The present invention relates to a method for controlling a bit rate in a still image compression method and an apparatus therefor, the method comprising: a discrete cosine transform step (a) of calculating a discrete cosine transform coefficient for still image data consisting of horizontal and vertical blocks (a)-the discrete cosine Transform (DCT) coefficients include DC coefficients and AC coefficients; (B) quantizing the calculated discrete cosine transform coefficients; (C) zigzag scanning the quantized coefficients, wherein zigzag scanning means one-dimensional ordering from low frequency components to high frequency components sequentially; (D) an entropy encoding step of allocating a code of a predetermined bit to the one-dimensionally arranged quantization coefficients; (E) checking a remaining capacity of an output buffer for temporarily storing the code; And (f) removing the code corresponding to the AC coefficient in the reverse order of the zigzag scanning when the remaining capacity of the output buffer exceeds a preset value. will be.
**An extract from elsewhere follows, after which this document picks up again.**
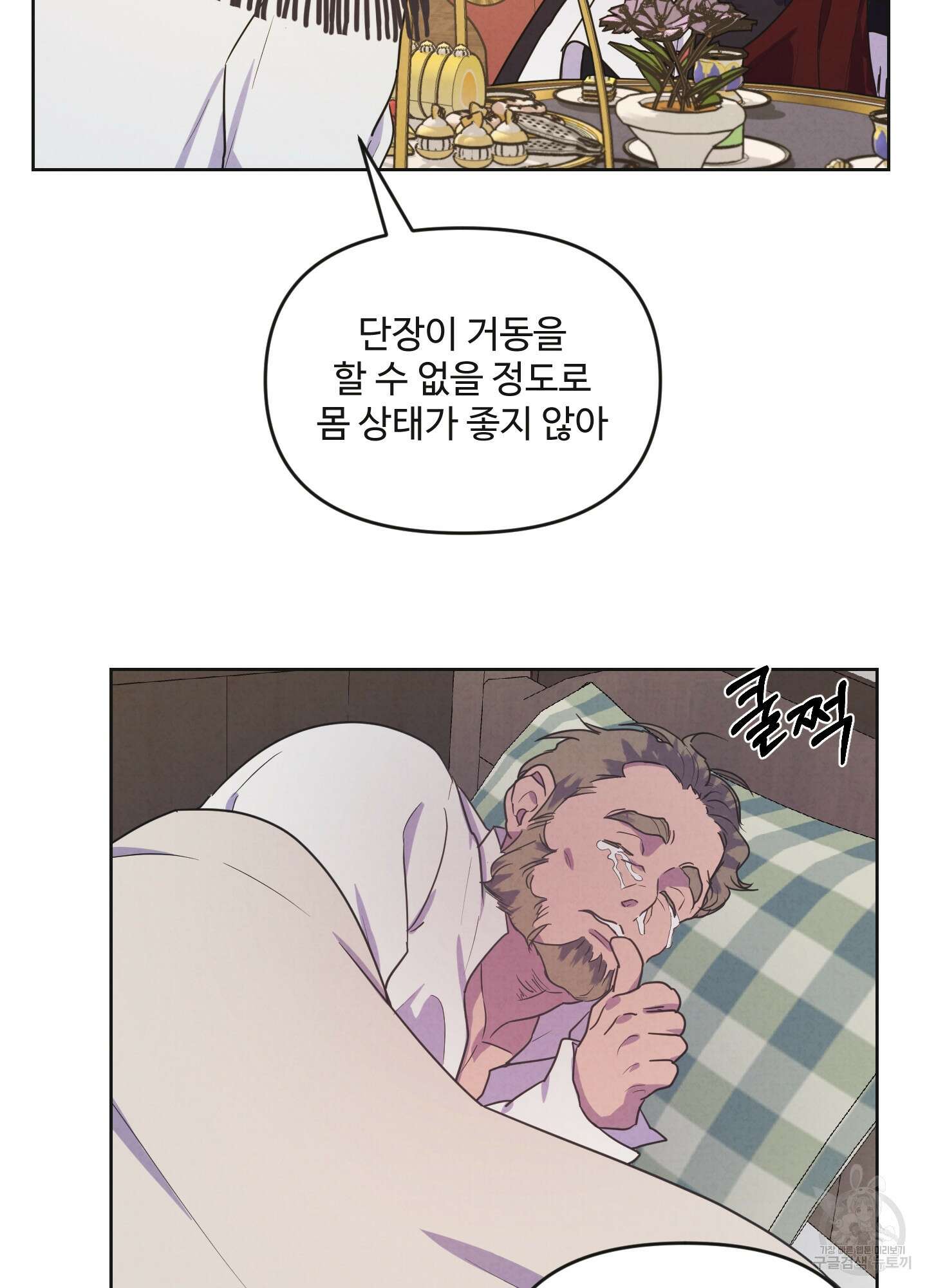 알로샤의 꽃 1화 61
According to the present invention, since the bit rate of the still image is controlled according to the zigzag scanning characteristic, an efficient bit rate control is possible.
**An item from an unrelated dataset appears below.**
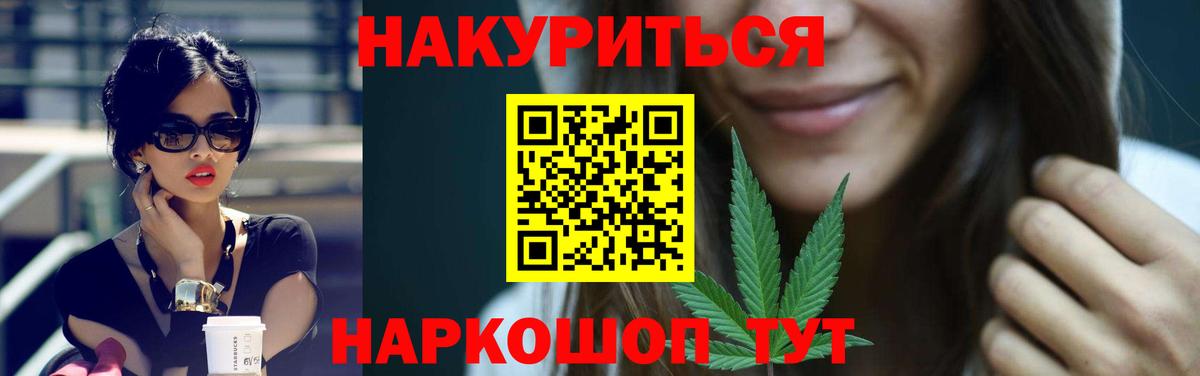 МАРИХУАНА марихуана Ржев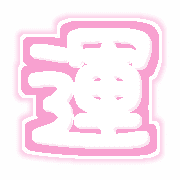 016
Bit Rate, Jpeg, Zigzag Scanning, MCU, Encoding

Description

TECHNICAL FIELD OF THE INVENTION A BIT RATE CONTROL METHOD IN A STILL IMAGE COMPRESSION METHOD AND A DEVICE FOR THE SAME

1 is a block diagram showing the configuration of a still image compression apparatus according to the prior art.
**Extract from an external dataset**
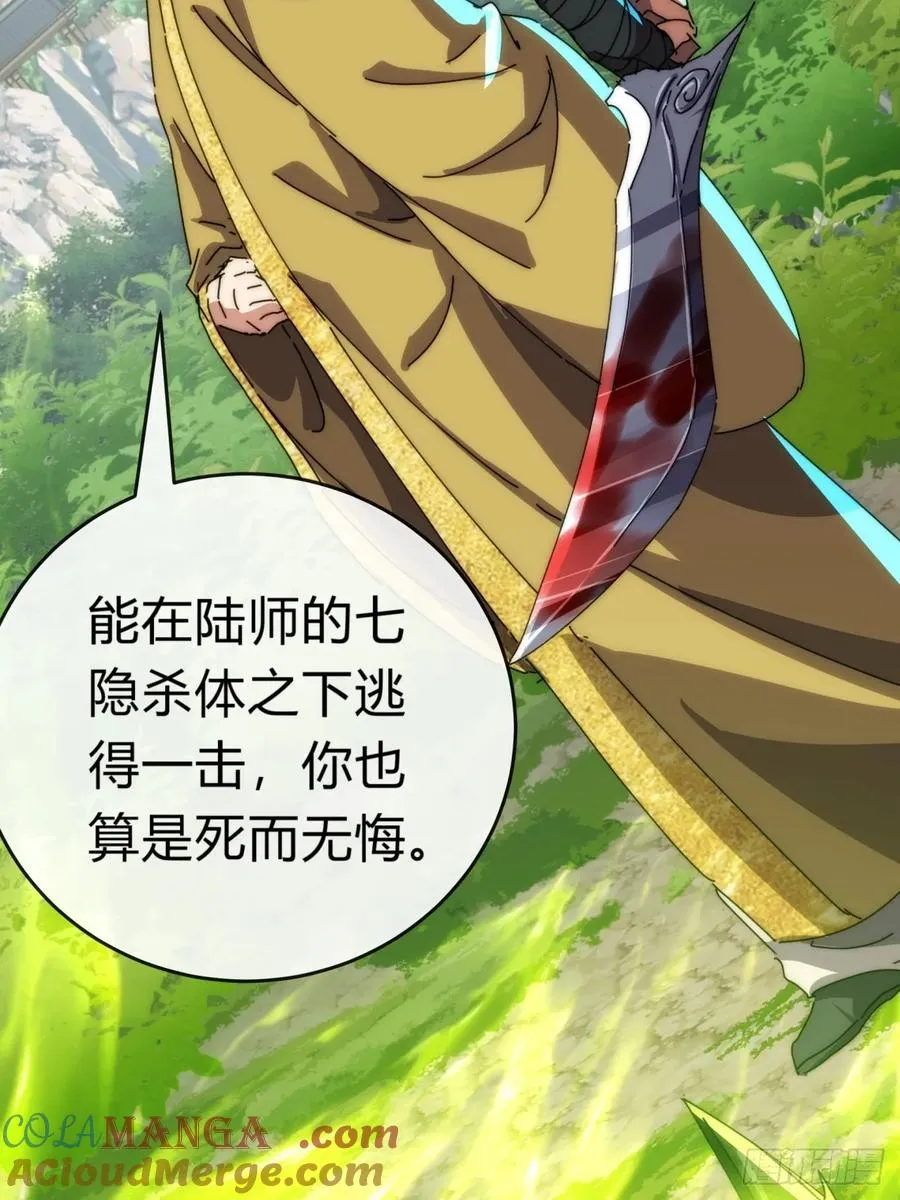 84话 替天行到 第7页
2 is a diagram illustrating a DC coefficient in a DCT coefficient block calculated according to a general DCT process.

3 is a diagram illustrating zigzag scanning in a general still image compression process.

4 is a diagram illustrating a stream format system in a general still image compression method.

5 is a diagram showing the configuration of a still image compression apparatus according to an embodiment of the present invention.

6A to 6C are diagrams illustrating a bit rate control process according to an exemplary embodiment of the present invention.

7 illustrates a minimum code unit in which bit rate control is performed according to the present invention;

The present invention relates to a method for controlling a bit rate in a still image compression method and an apparatus therefor, and more particularly, to a bit rate control in a still image compression method capable of efficiently adjusting the amount of transmission data of a still image compressed in a JPEG compression A method and apparatus therefor.

Recently, with the high integration of image sensors such as Charged Coupled Device (CCD) sensors and Complementary Metal Oxide (CMOS) sensors and the development of digital image processing technology, digital cameras are rapidly evolving, and the use of digital cameras is rapidly increasing. to be.

The CCD sensor and the CMOS sensor include a plurality of pixels, and convert the light signal of the subject into RGB data when the image is captured, and the RGB data is composed of luminance (Y) and saturation (Cb and Cr) information. Is converted into YUV data (or YIQ data).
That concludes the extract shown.